The adoption of CSR over the past 10 years has completely changed the way Israeli companies do business. With a delayed realization that CSR presents an advanced business culture, Israeli business leaders have navigated their companies from a basic approach of community investment and corporate philanthropy to the fully integrated approach of corporate social responsibility - addressing such issues as improved environmental strategies, a diversified workplace, strategic community empowerment and voluntary corporate governance and accountability.
The transition has not been an easy one.
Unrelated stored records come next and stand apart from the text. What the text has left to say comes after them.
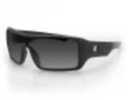 Bobster Paragon Sunglasses-Matte Black With Smoked Lenses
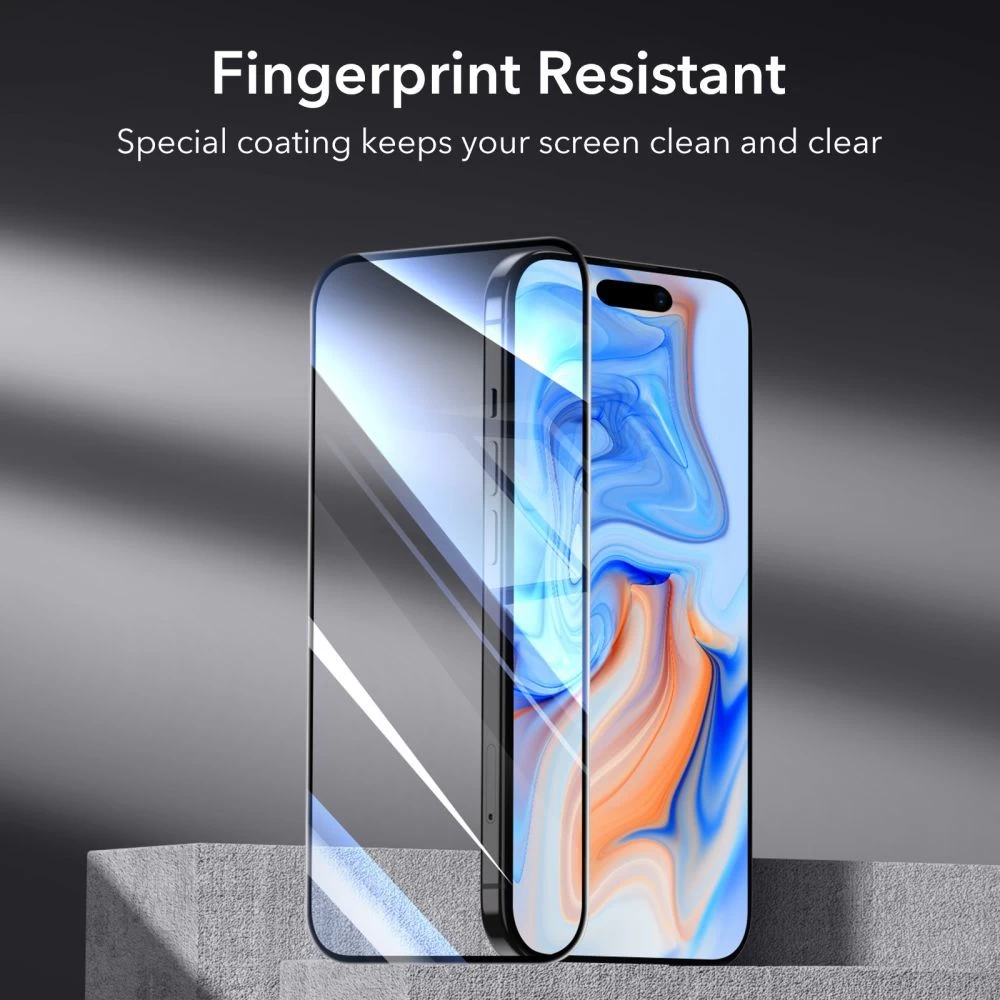 Apple iPhone 15 panssarilasi  ESR TEMPERED GLASS 2-PACK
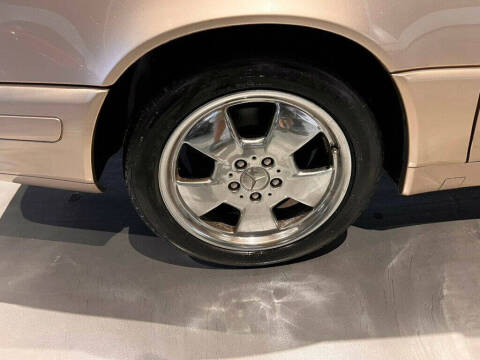 2000 Mercedes-Benz SL-Class SL 500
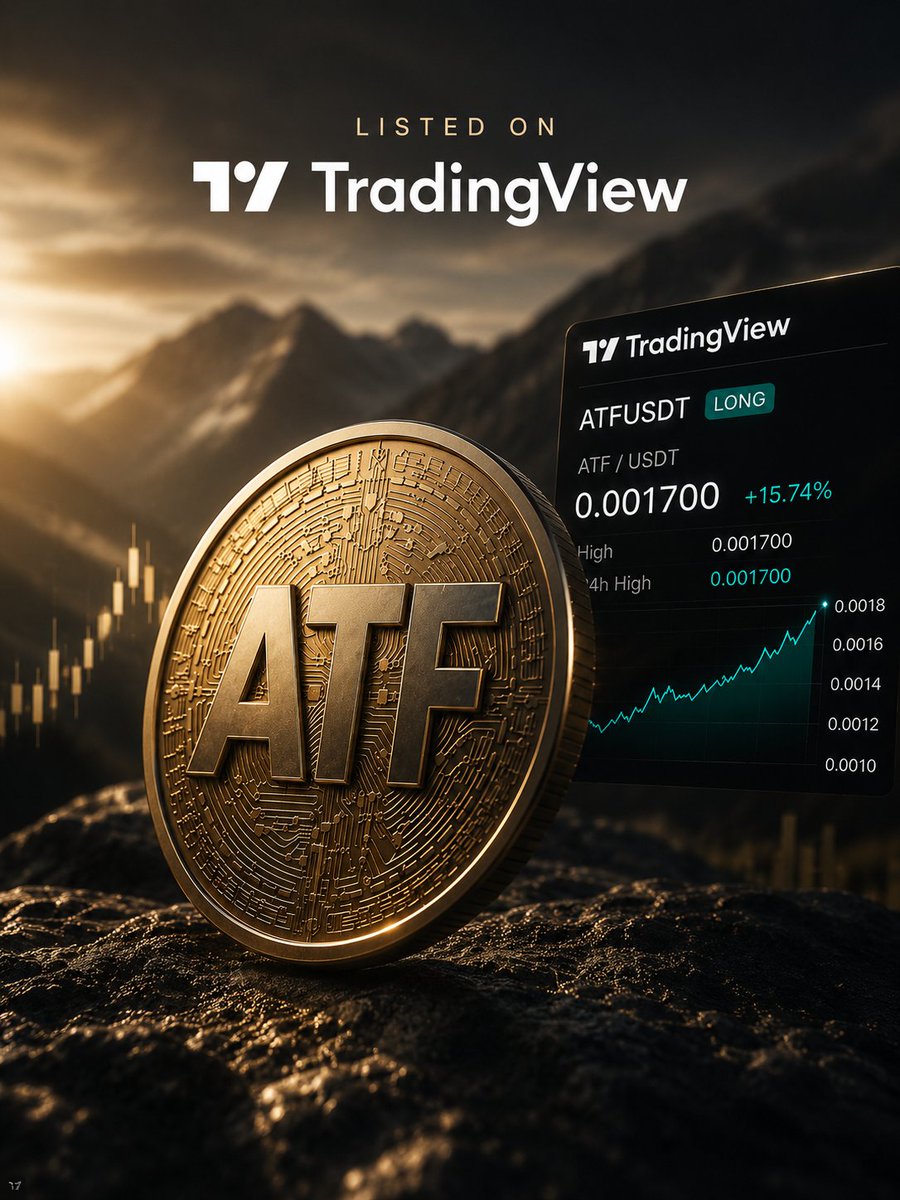 ai_trading_frx's tweet photo. ATF Listing on TradingView 

https://t.co/3I5FUs966A https://t.co/UK4z19pgdt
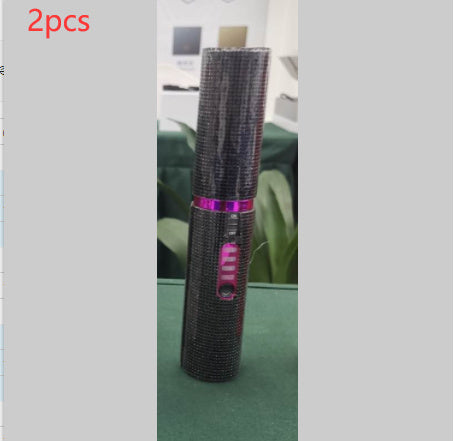 Electric USB Hair Straightening Brush Dual-Use 16MM-20MM Diameter - electric usb hair straightening brush straightener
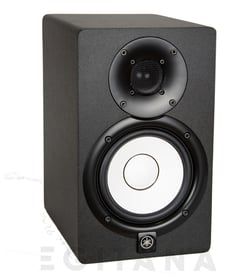 Yamaha HS-5 - Monitores activos bi-amplificados, Woofer em cone de 5’’ (45W) e tweeter em cupúla de 1’’ (25W), Consumo de potência: 45W, Configuração Bass-Reflex, Frequência de Crossover: 2kHz, Gama de frequênci...
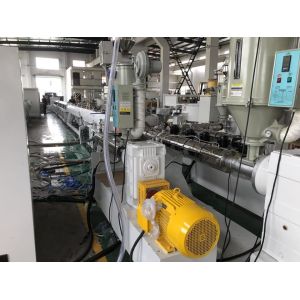 Fiber Glass Plastic Pipe Extrusion Machine / PPR Pipe Extrusion Machine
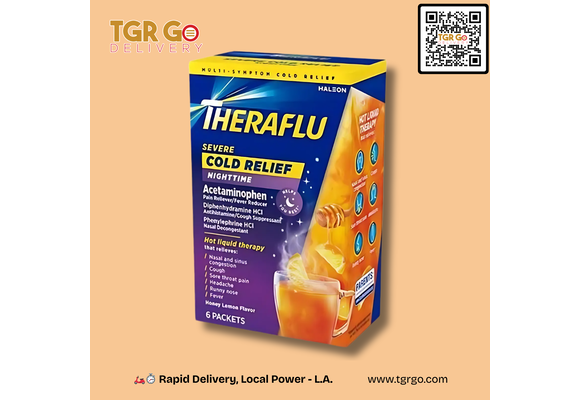 Theraflu - Severe Cold Relief 6ct
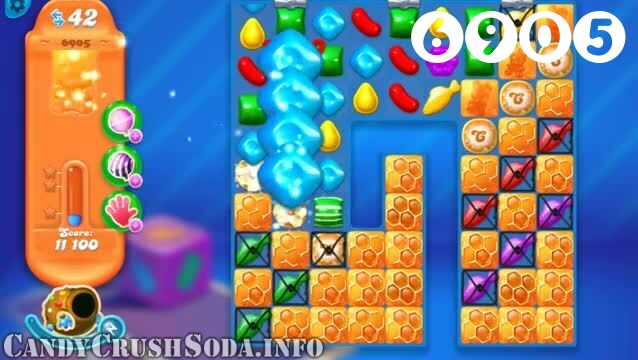 Candy Crush Soda Saga : Level 6905 – Videos, Cheats, Tips and Tricks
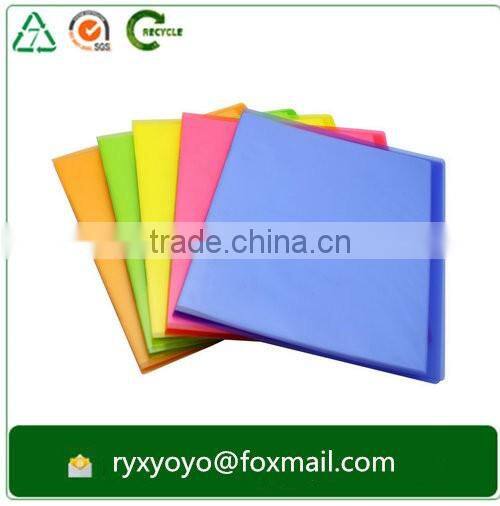 wholesale office a4 size 30 pocket pp plastic document display file folder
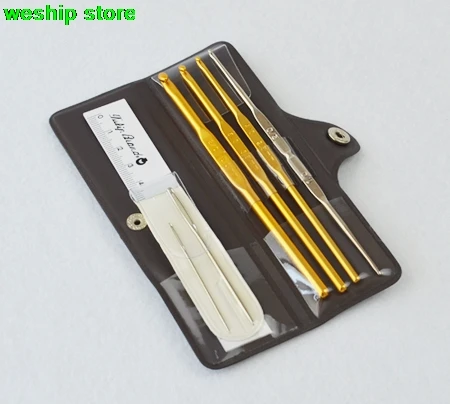 

SET OF Japan Hiroshima TULIP Classic Straight crochet hook 1 order=1 set
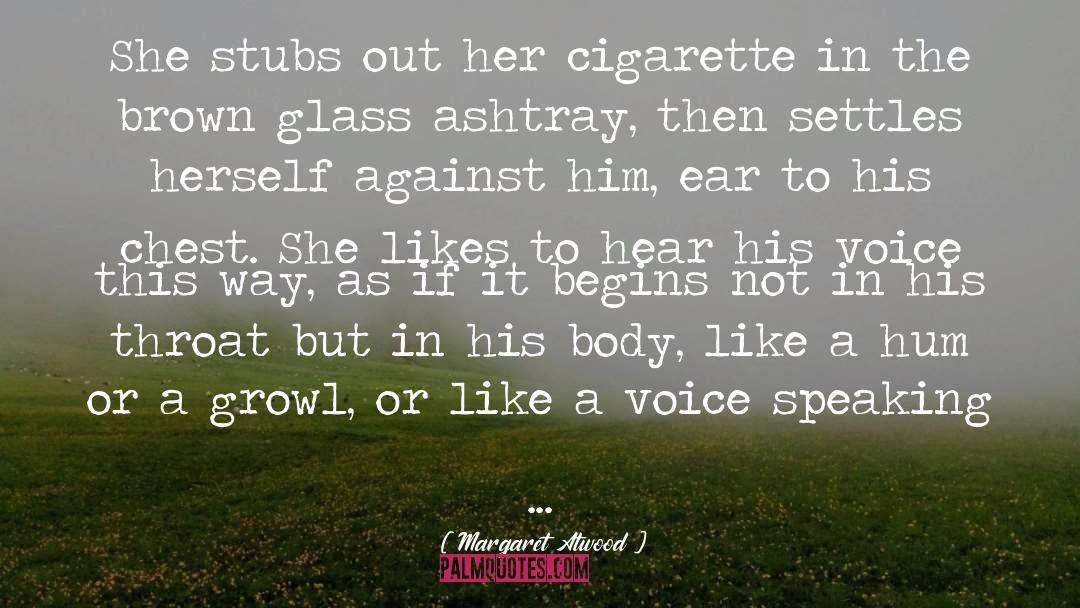 Dances Through Glass quotes by Margaret Atwood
Not long ago, regional political and security realities meant executives were used to managing businesses in crisis-mode and making short-term decisions that contradicted the very essence of what CSR is - a long-term strategic approach to risk management.
The annual update of the Maala - Business for Social Responsibility in Israel - CSR Index on the Tel Aviv Stock Exchange three months ago proved just how embedded CSR has become in Israel's corporate community.
The Index ranks 60 participating companies, representing over 41 percent of Israel's business product, with a turnover of NIS 200 billion and almost 135,000 employees. Some of those leading in the ranking include Teva, Bank Hapoalim, Cellcom, Partner Communications, Bank Leumi and Strauss Group.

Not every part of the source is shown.